Arabic tribal peoples and others in the Philippines, Taiwan, Africa, South America, Japan, and Cambodia have long done so for cultural, religious and mystical reasons. These and other cultures have varied tattooing traditions. Some insert dye into the skin by hand-pricking it, while others have used animal bones, or hand-held needles or tools made of stone, steel, or bamboo to carve the face and body.

By etching designs into the skin and adding ink, tattoos were created, and used for identification purposes. Tattooing has also been used to make a statement without saying a word. Just look at how the Atayal tribe in Taiwan made use of facial tattoos. Theirs called Badasun express different things... such as the male wearer might be a protector. Others in the Philippines have used tattoos to readily state the wearer's rank, bravery, or achievements.

Tribes and ethnic peoples the world over have long believed that tattoos have spiritual as well as magical properties that protect or bring luck, and in some areas dots tattooed on one's spine were believed to have healing powers. It has also been documented that mummies discovered from ancient Egyptian times have borne tattoos that once served as a rite of passage. And this re-surging art form has long been used sexually, to lure or indicate fertility.

Yet were you aware that many people throughout the ages were tattooed against their will? Tattoos were used as an identification system during the Holocaust and during the era of slavery. Other people, like seamen received body modification so that if their ship went down, they could be identified. Today, pathologists also use tattoos for body recognition.

Nowadays people choose tattooing for a collage of previously unmentioned reasons, some of which happen to be cosmetic. Permanent makeup which includes eyeliner and lipstick -- among other things -- is available. Recently tattoos have also been used, cosmetically, to change or modify the color of the skin. They have sentimental and memorial uses as well.
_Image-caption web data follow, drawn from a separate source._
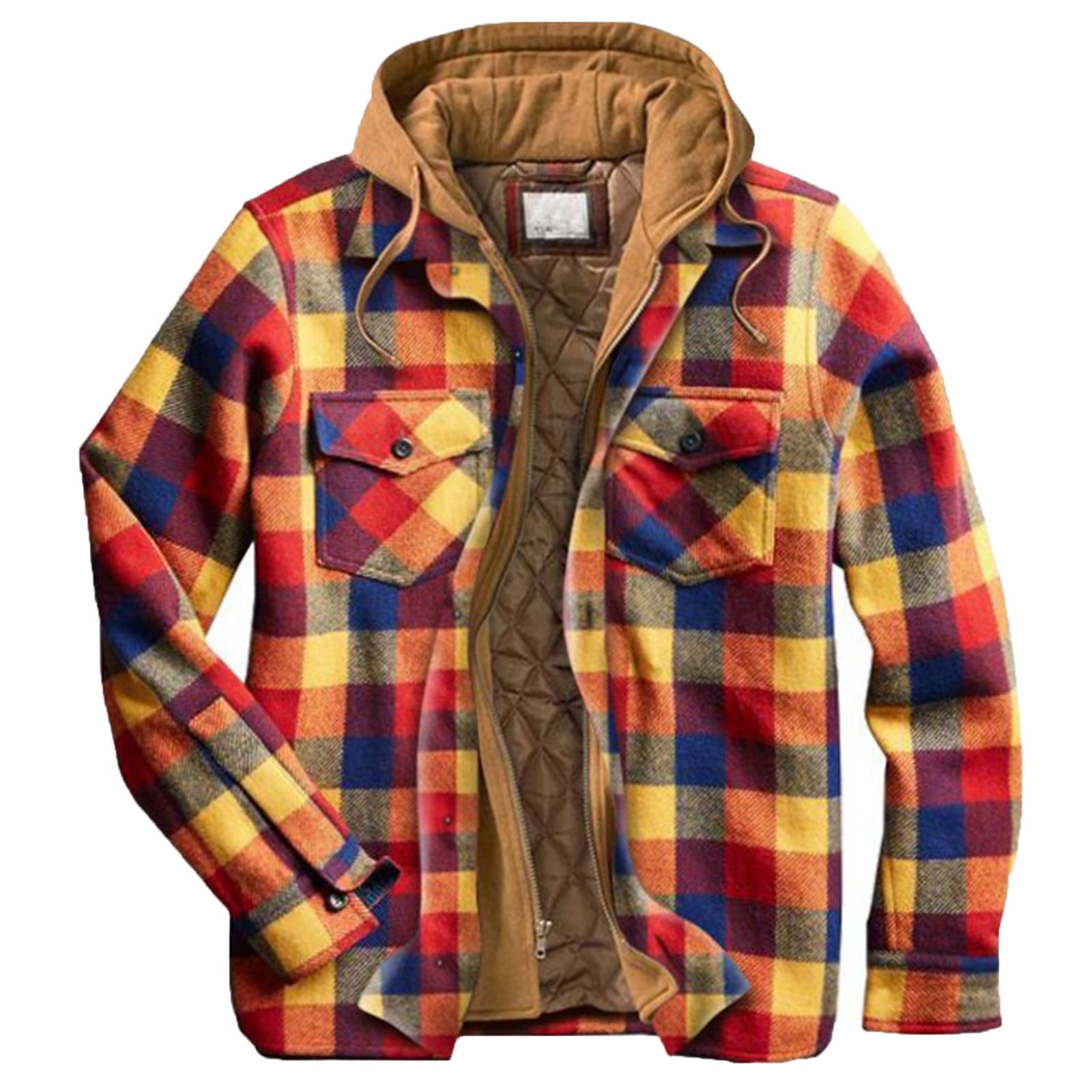 Plaid Flannel Hoodie Jacket Men Full Quilted Shirt Zip-Up Warmer 4 Pocket  Button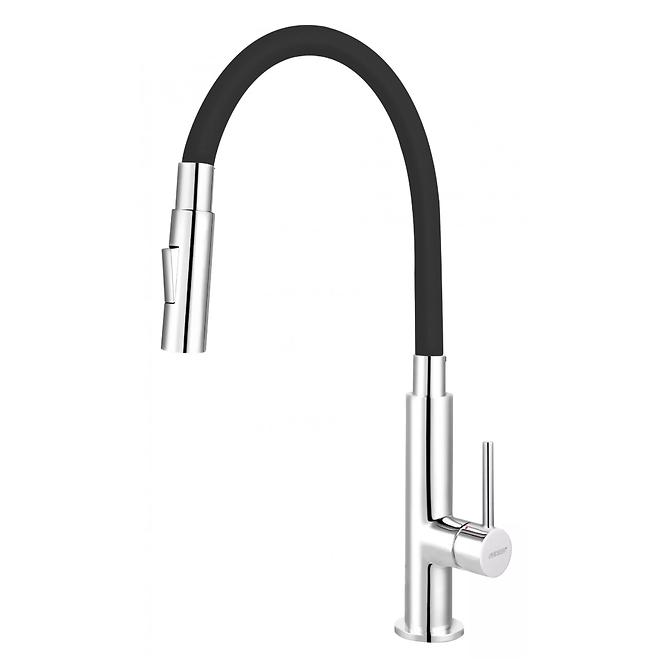 Spülbecken-Armatur mit flexiblem Auslauf 2-Funktionen Zumba Slim black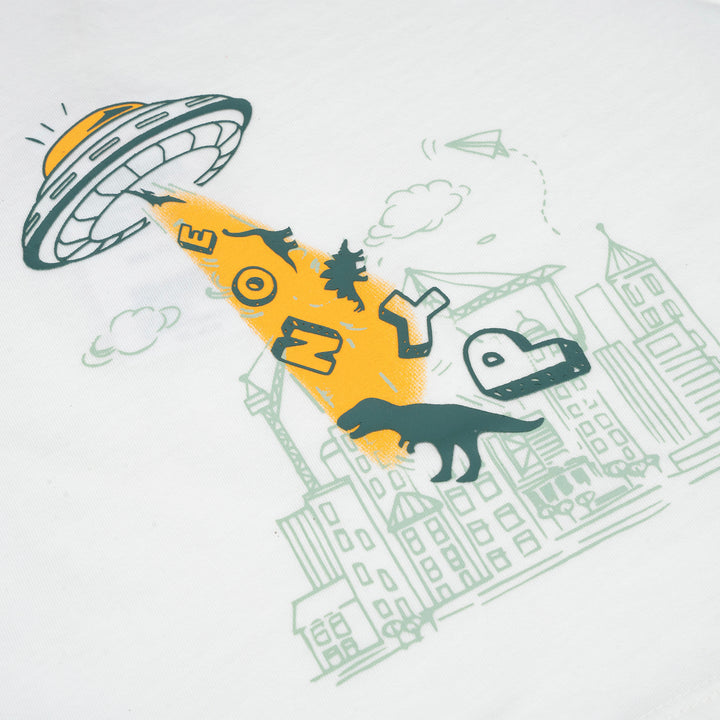 Poney Boys White Alien Catching Saurus Short Sleeve Tee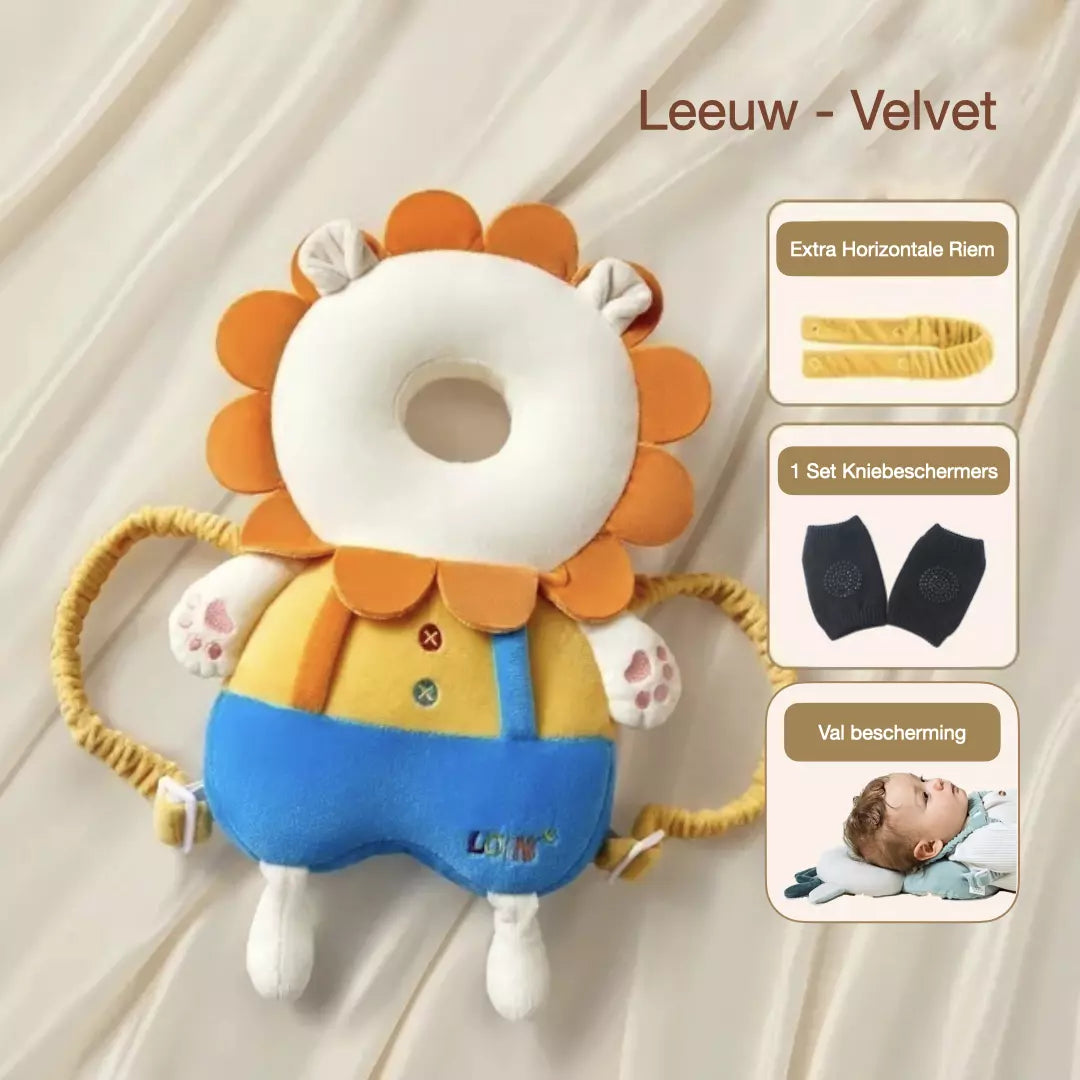 Het baby hoofdbeschermingskussen in de variant velvet leeuw. Het valkussen heeft een horizontale riem, extra valbescherming en je ontvang een gratis set kniebeschermers.
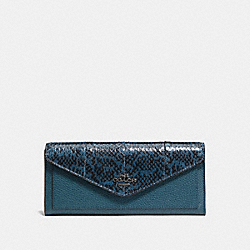 SOFT WALLET IN COLORBLOCK SNAKESKIN - COACH f59008 - MINERAL/DARK GUNMETAL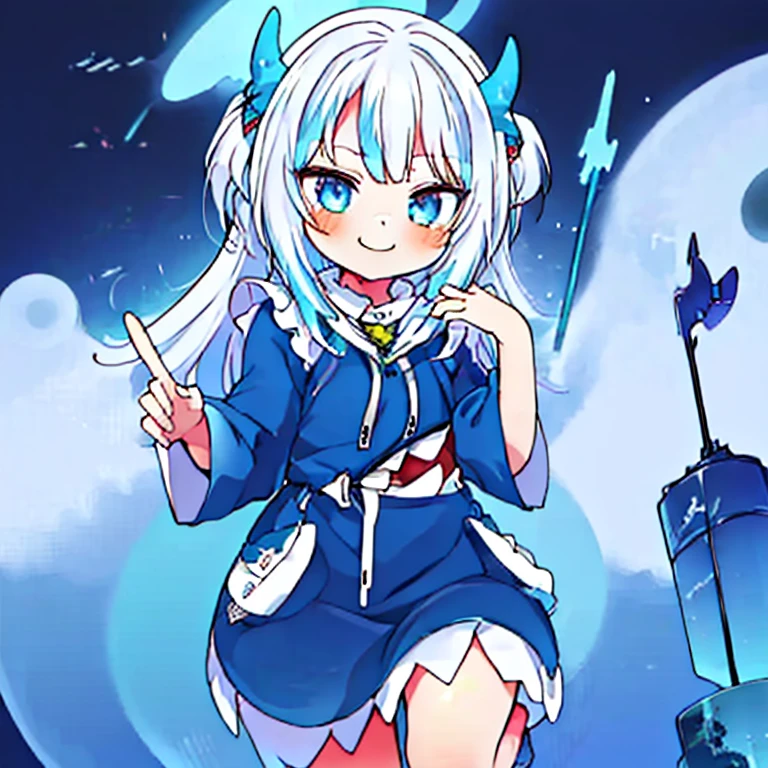 masterpiece,best quality,ultra detailed,4K,super fine illustration,highly detailed beautiful face and eyes,cyan color scheme, lighting,fantasy,extremely solemn atmosphere,(traditional maid collared shirt:1.3),long skirt,glowing eyes,long hair,hairs between eyes, crossed bangs,smirk,fighting stance,dynamic pose,(holding glowing sword:1.3),particle light,luminescence,plasma,electric current,blue flame,sense of depth,dynamic angle, 1girl, Smile, Devil's Horns, Devil's Wings,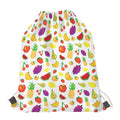Pixel Fruits Pattern Print Drawstring Bag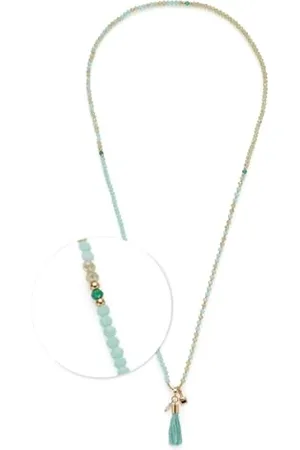 Leonardo Halskette Donna • lange Endlos-Kette aus goldfarbenem Edelstahl • Glasperlen in sanften Türkistönen • Quasten-Anhänger • 80 cm Länge • Schmuck Geschenk für Frauen • 024896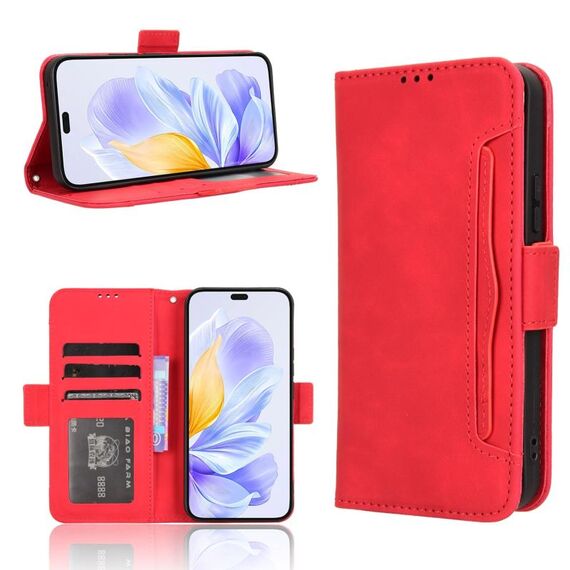 Custodia per telefono in pelle con slot per schede e texture in vitello per Honor X60i 5G (rosso)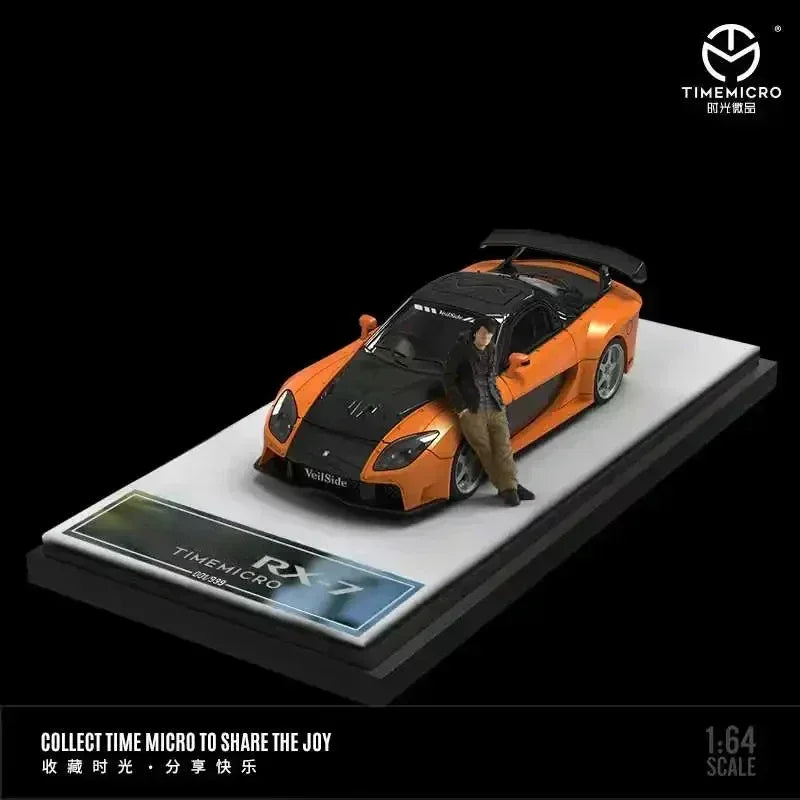 Time Micro 1:64 RX-7 Veilside FNF Orange Diecast Model Car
They aid people to ever be mindful of loved ones, and although tattoos are worn to tout different devotions, or to pledge undying love, they were once used to signify that one was an outcast or a slave.

In the current age, as in the past, do not forget that tattoos are yet used to represent one's identification with subcultural groups -- which can include gangs and organized crime. Thus, there has always been a stereotypical association with tattooing. In Christianity it has long been considered heathen, and Judaism prohibits modification that doesn't medically serve. In Sunni Islam it is frowned upon, but henna -- temporary tattoos are permissible in some Muslim nations.

Tattoos are so popular with non-religious sects that many artists have fine arts as well as technical training. The pigments used have also advanced, as has the equipment; all of which has elevated the quality of the tattoos produced. There are even copyrighted designs, these and others can be seen on flash sheets showcased in tattoo parlors everywhere, enabling a candidate to get an idea of the image they might like.

Therefore...armed with the knowledge that tattoos are ethnically significant as well as part of pop-culture, you can make the decision as to whether or not this art form is for you, or yours. Whatever you decide, be safe!